Lawrence "Larry" Stephen Porter (September 1, 1951) is an American jazz musician and composer.

== Early life and education ==
Porter began to take piano lessons when he was six years old. He began his education at the Eastman School of Music and continued his studies at the Berklee College of Music. At college, he founded the group Children at Play with Tom van der Geld in 1971.

== Career ==
From 1973 to 1976, Porter lived in Germany and worked with Bobby Jones, Volker Kriegel, Kai Winding, Mel Lewis, Günter Lenz and Head, Heart & Hands. Together with Frank St. Peter and Allex Bally, he led the group Music Community, in which Lee Harper, Leszek Żądło, Rudi Fuesers and Hermann Breuer performed. The group participated in numerous jazz festivals in Europe. In a study trip in India and Afghanistan, he learned to play Sarod and Rubab with Mohammad Omar. Afterward, he was active in the field of jazz as well as with Hindi musicians or as the companion of Merce Cunningham and other dancers in New York City until 1980.

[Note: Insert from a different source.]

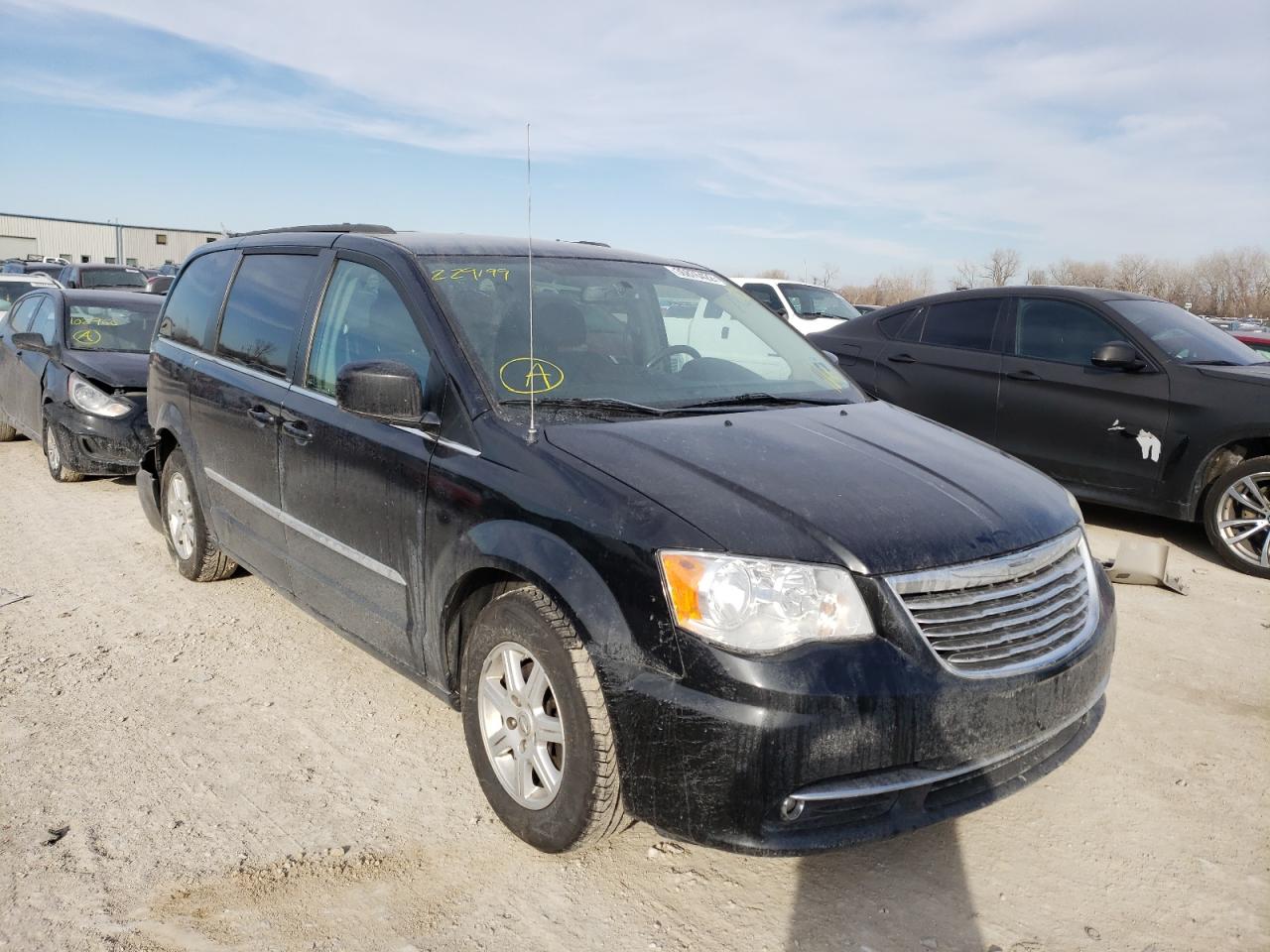 CHRYSLER TOWN & CNT 2012 with VIN 2C4RC1BG7CR229199 - Photo from auction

In 1981, he moved to Munich and worked with Bobby Stern, Frank St. Peter, Airto Moreira, Albert Mangelsdorff, Heinz Sauer and Sal Nistico. After a stay in Spain, where there was a seminar with Thad Jones, he led a quartet along with Allan Praskin from 1984. The quartet presented the albums like First Date (1984) and Acoustic Music (1985). He performed also in a trio with Detlef Beier and Thomas Cremer. From 1986 to 1988, he was on several tours with Chet Baker. From 1988 to 1992, he was in Art Farmer's band and in 1991 and 1992 with Archie Shepp and also with Marty Cook and Monty Waters. From 1994 to 2000, he worked again in New York. Since then, Porter has lived and worked in Berlin. In Berlin, he was in a trio along with Johannes Fink and Oliver Steidle (CD, Circle is unbroken) and in a quartet with Wilson de Oliveira and also in Christian Grabant quintet.

Porter has played with Hannibal Lokumbe, Embryo, Benny Bailey, Leo Wright, Al Cohn, Jim Pepper, Sheila Jordan, Jay Clayton, and Rachel Gould.

Porter also played in an album with traditional Afghan music (The magical Rebab of Larry Porter). In addition, he composed a string quartet (1989) and music for ballet (1991). In 2004, he composed for the horn players of the Berlin Philharmonic the Kind of Jazz Suite.